Baker, of Olympia Fields, Ill., won one of 271 redesigned Volkswagen Beetles that Oprah Winfrey gave away during the second of two "My Favorite Things" episodes, which aired last November. But she never attended the filming.
Baker's son, Robin, accompanied his wife, Latrice, after the show selected her alongside other superfans and community do-gooders. Robin and Latrice each won a car, part of the audiences' haul of 20 gifts apiece bequeathed during one of the final tapings of "The Oprah Winfrey Show." That audience numbered 276, all getting a new Beetle. The younger Bakers took one, and Jewel got the other.
"When you get old enough, you never know how much stress you put your mom through," said Robin Baker, 41. "The best part of this was seeing my mom come [to the dealership] and find it."
Volkswagen is disbursing all the Beetles in the coming days at 126 of its U.S. stores. Jewel Baker was among 21 Chicago-area residents — the biggest concentration nationwide — to receive their 2012 Beetles at an Orland Park, Ill., Volkswagen dealership. VW of America CEO Jonathan Browning presented keys to all 21 recipients. It's not the first time Oprah has given away cars, but it was a huge coup for the marketing folks at Volkswagen.
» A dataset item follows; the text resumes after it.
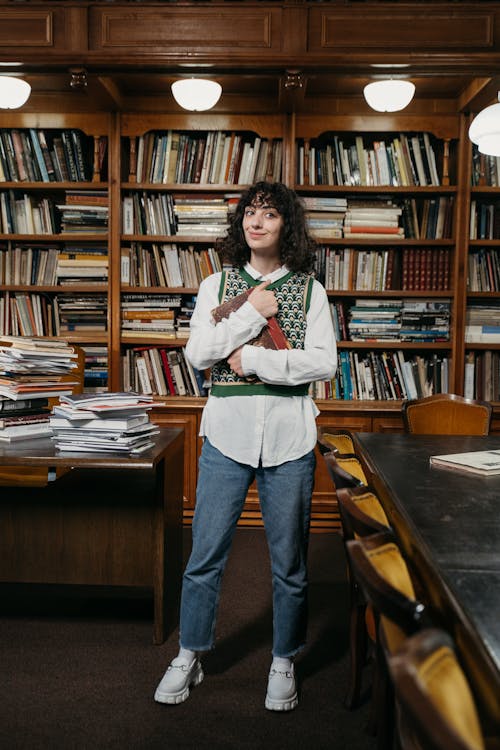 a woman stands in a library, smiling while holding a book in her arms. she's wearing a patterned vest over a white shirt, jeans, and white platform shoes. behind her is a large bookshelf filled with books. there is a table on either side of her, one with a stack of papers and the other next to some chairs.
In 2004, Oprah's Pontiac G6 giveaway made headlines but stuck winners with as much as $7,000 in gross income taxes, a common bane for game show winners. (We're playing tiny violins for you.) This time, Beetle winners got their cars virtually free: Sales and gross income tax, registration, license and destination fees were all paid for. The winners only needed to pay gas and insurance, dealer Ray Baldi said. The dealership didn’t even peddle extended-service contracts. "We didn’t want to push that" on the winners, Baldi said. The dealership didn't sell any apparent accessories, either.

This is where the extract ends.